• [Dataset records]
>>>
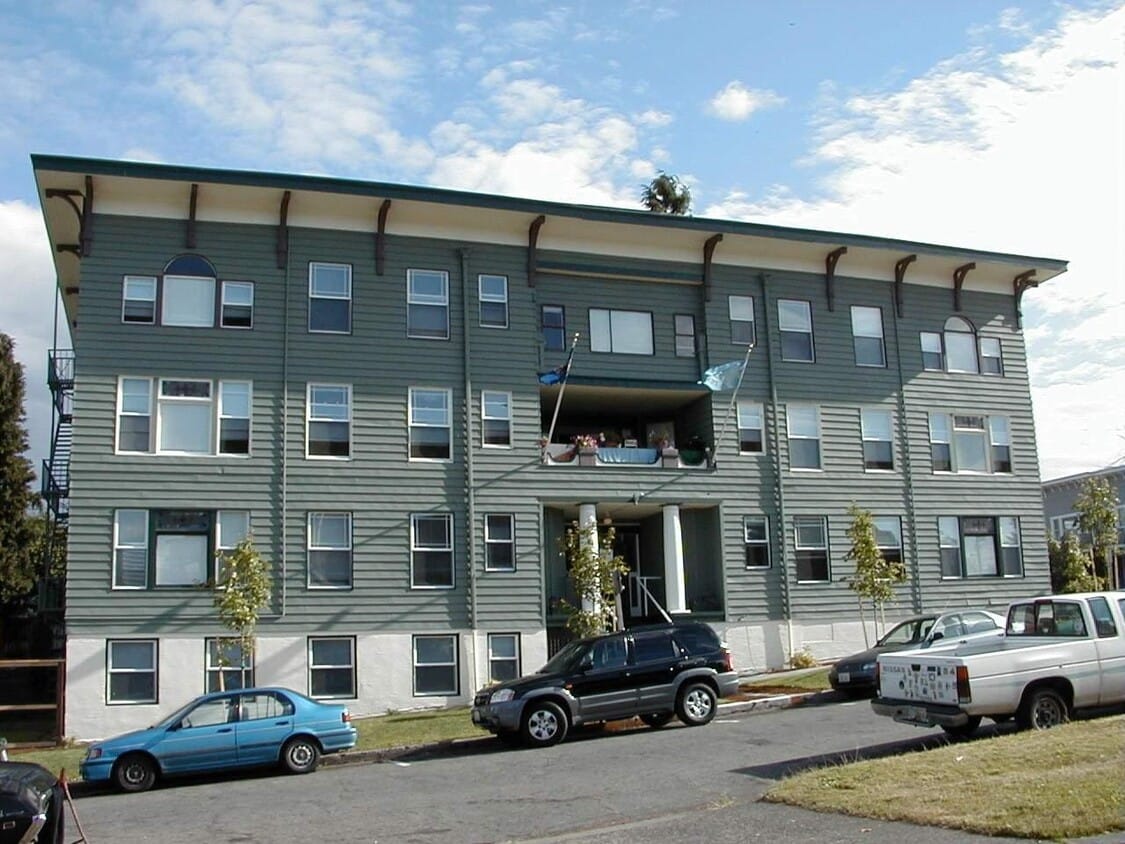 Building Photo - 816 S 8th St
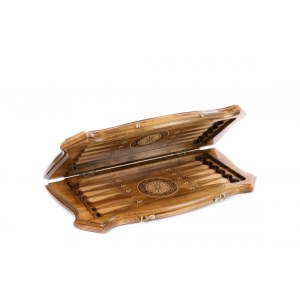 Шахматы-нарды с авторским оформлением контура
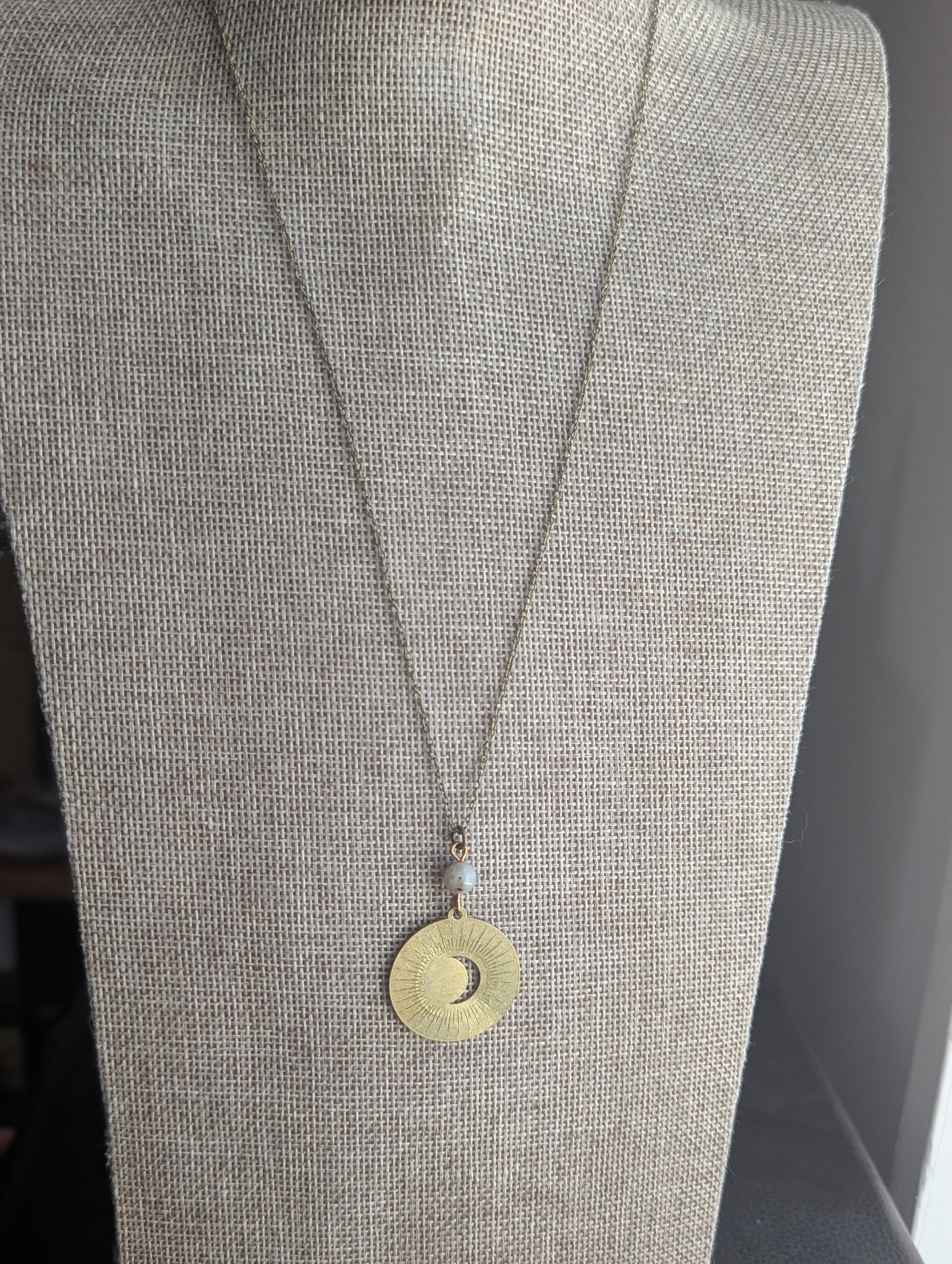 Talismán de latón de luna creciente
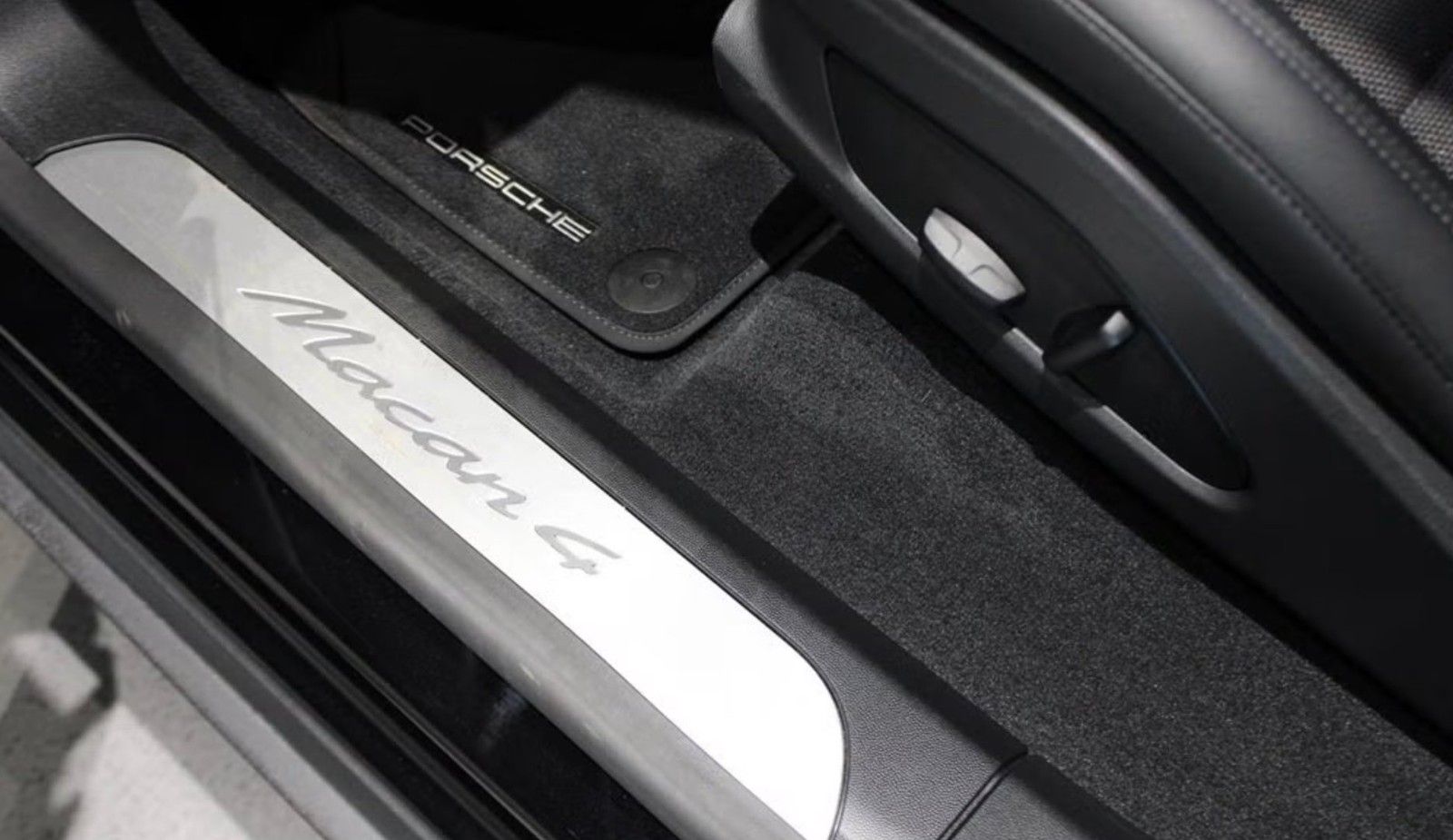 Porsche Macan Electric BOSE*AHK*L-HEIZBAR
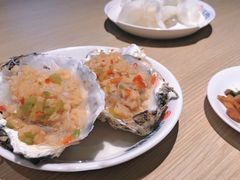 蒜蓉粉丝生蚝-小船渔村•大连菜•大连焖鱼(黄河路店)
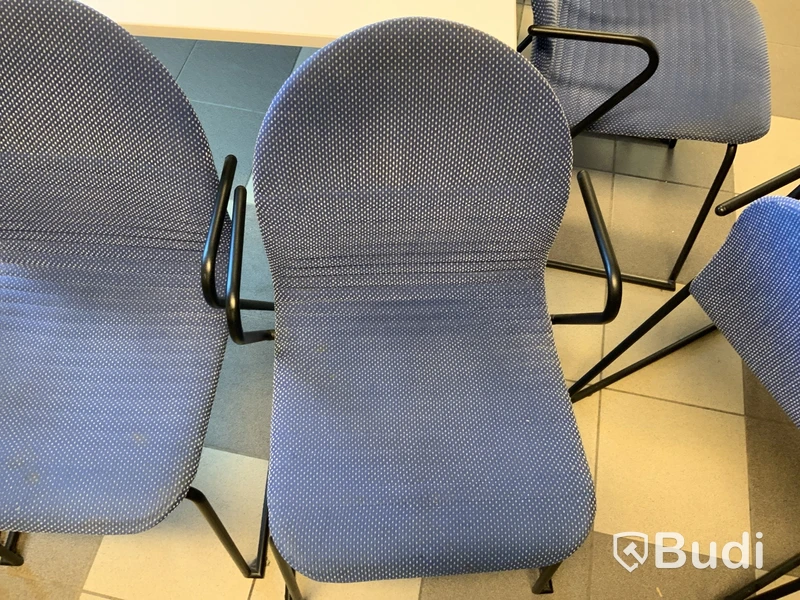 Konferensbord inkl. 7 st stolar och dokumentskåp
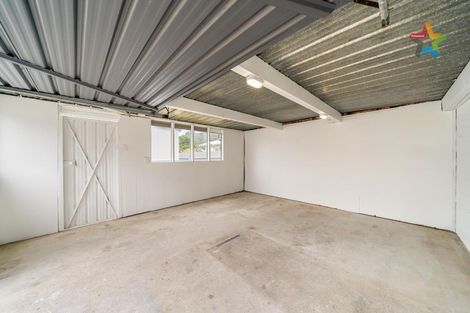 Photo of property in 17 Reynolds Street, Taita, Lower Hutt, 5011
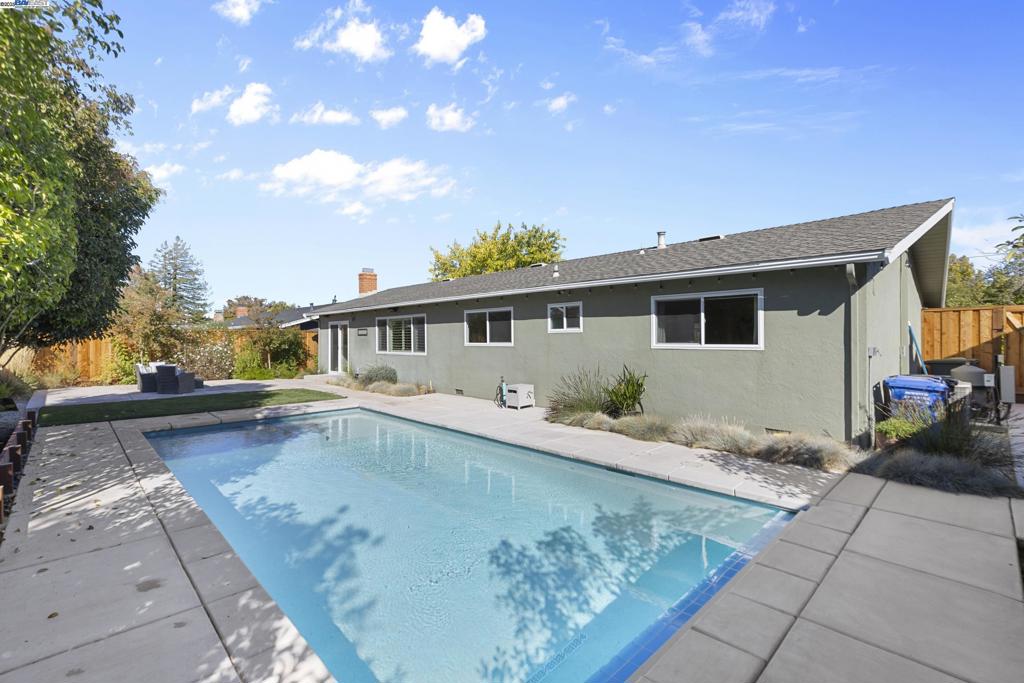 HOLBROOK HEIGHTS - Residential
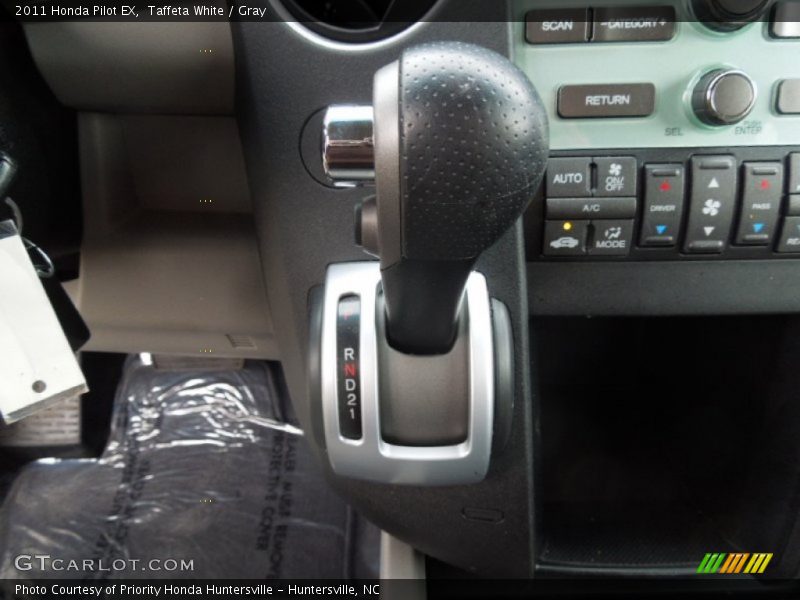  2011 Pilot EX 5 Speed Automatic Shifter
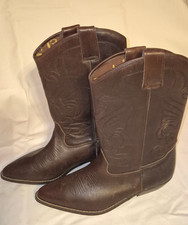 ungetragene braune Leder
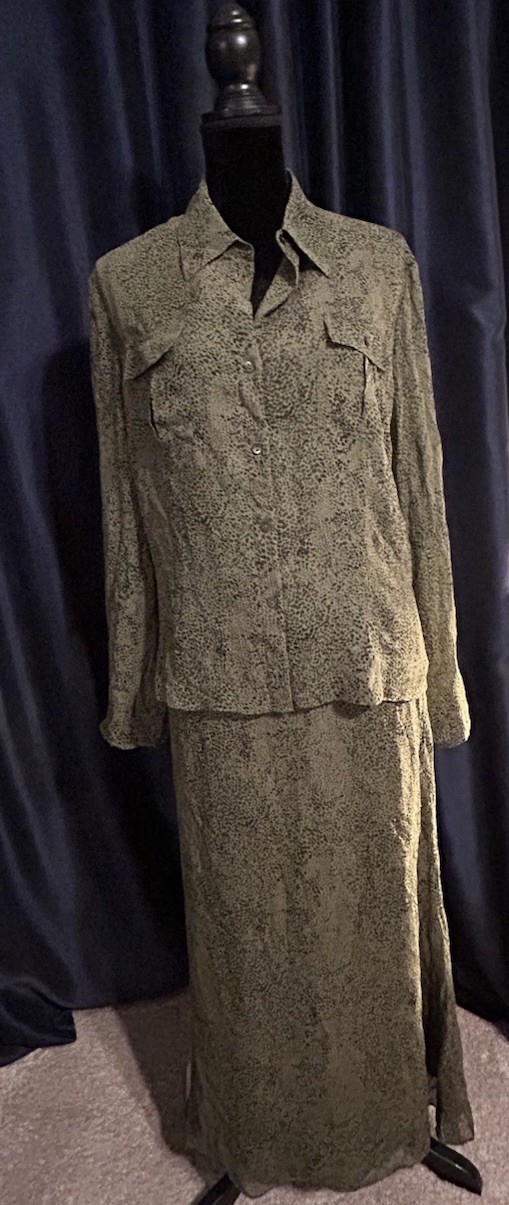 Cynthia Howie Boutique- Maggy Boutique- 2 Piece Blouse & Skirt – Size 16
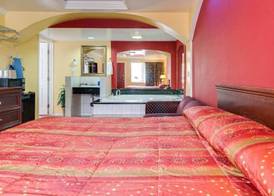Sky Palm Motel - Orange 2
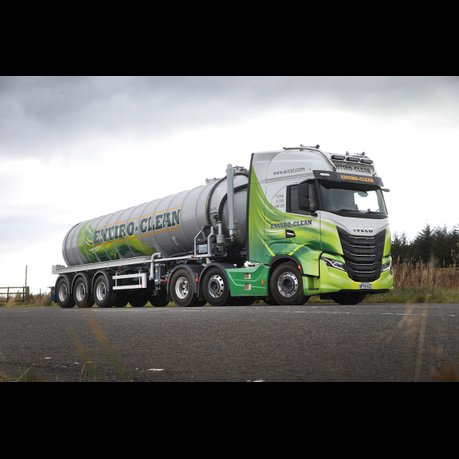 Enviro-Clean ‘Cleans Up’ with Four New IVECO S-Way 530 2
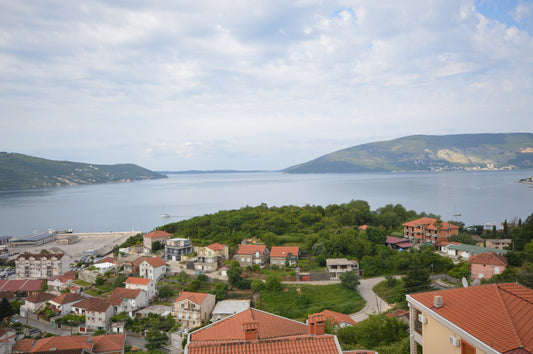 Spacious 2 Bedroom Apartment in Zelenika With Sea View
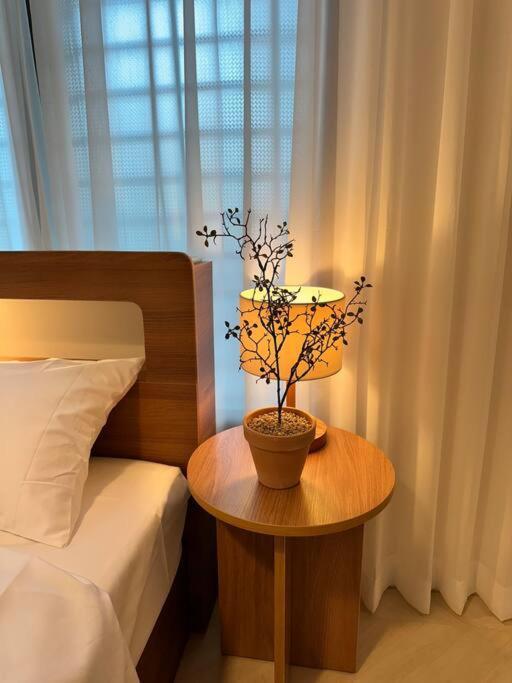 10-minute Walk From Hongdae Entrance Station, 2 Rooms, 3 Beds Pangsapuri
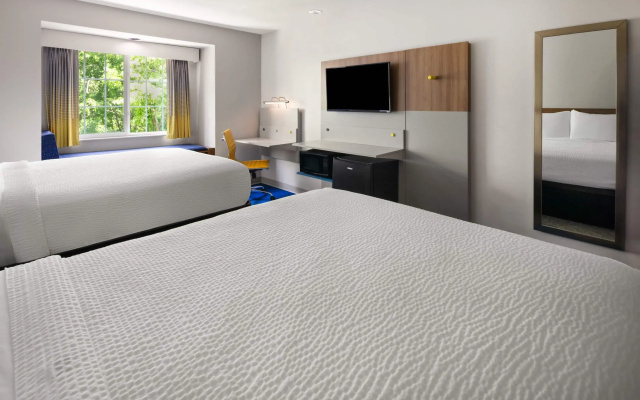 Microtel Inn & Suites by Wyndham Kearney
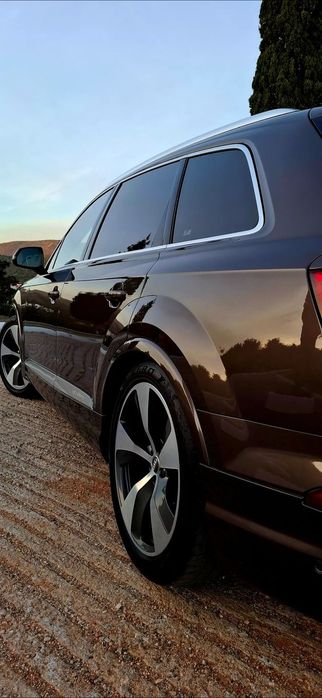 Audi Q7 Se poate vedea in Suceava după 18 iulie accept test toate dotările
<<<
• [Try it]
From the line containing "Microtel Inn & Suites by Wyndham Kearney" down to the last line of the entries above, retype each line exactly as it stands, but skip the pictures.

• [Exercise answer]
 Microtel Inn & Suites by Wyndham Kearney
 Audi Q7 Se poate vedea in Suceava după 18 iulie accept test toate dotările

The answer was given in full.